How does this understanding of crime and policing relate to your views about community-based policing and your decision to discontinue having senior lead officers acting as contact points for neighborhoods?

Well, first of all, it’s my belief — and I’m not going to change my belief — that better policing in any community is when every police officer is involved. We have seen, as we talk with the community, they’re not interested in specialist policing. They are not complaining about seeing the police come out and have breakfast with them and talk to them nicely. They want to have a relationship with the person that’s in the police car, that person who randomly gets their call and comes to their house.

You cannot have community-based policing and exclude that. So we can play with terms, we can play with definitions, and we can say senior leads are the answer to community-based policing, but, if anybody can do the math, then 168 senior leads are going to respond to 4 million people’s needs? It’s not going to work. The issue is the patrol car: how they treat people, that relationship courtesy, the respect that a responding police officer has in the community.

Maybe the community likes having an officer that they can eat breakfast with?

A very small percentage. You can’t find one in 10 people who can tell you what a senior lead officer is. You want the Police Department to be able to deal with the community — people who work every day and don’t have time to hang out at the police station and want to be respected when police officers show up at their house.

Are those mutually exclusive possibilities — having an effective senior lead officer and also having a respectful street officer?

You know, you may have more experience than me. I only was there 38 years. But the issue is, if you make people specialists, what do all the other people do? They say, "It’s not my job."

How well did Mayor Hahn handle the campaign against secession?

I don’t want to comment on Mayor Hahn, but I’ll tell you what I did. I felt it was not good for the city. It was not good for city employees. But what I also thought is, it was absolutely essential to give the just due to people that acknowledge and have the wherewithal to make the democratic process work. Because that took a great deal of effort and time to get something on the ballot. There was a message there that’s clear and is still resonating.

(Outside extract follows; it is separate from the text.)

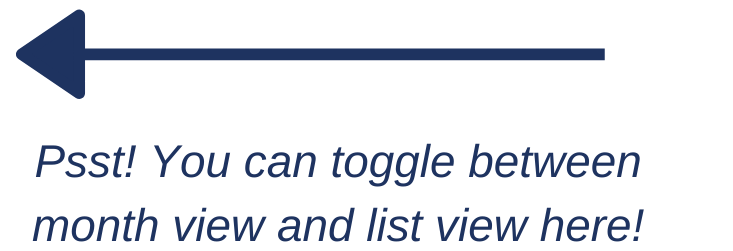 Psst! You can toggle between month view and list view here!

What are people in favor of secession talking most about? Not that the city does not have services. It’s a matter that they believe that people that are in government spend more time addressing their issues versus issues that are relevant to the city. The public is trying to get streets fixed and sidewalks repaired. Trees trimmed. And people are looking throughout this city, saying: "Were those promises just to get through the election? Or are we gonna see real change?" There’s only, in my judgment, a very short window that people are willing to wait and see if all those promises come true.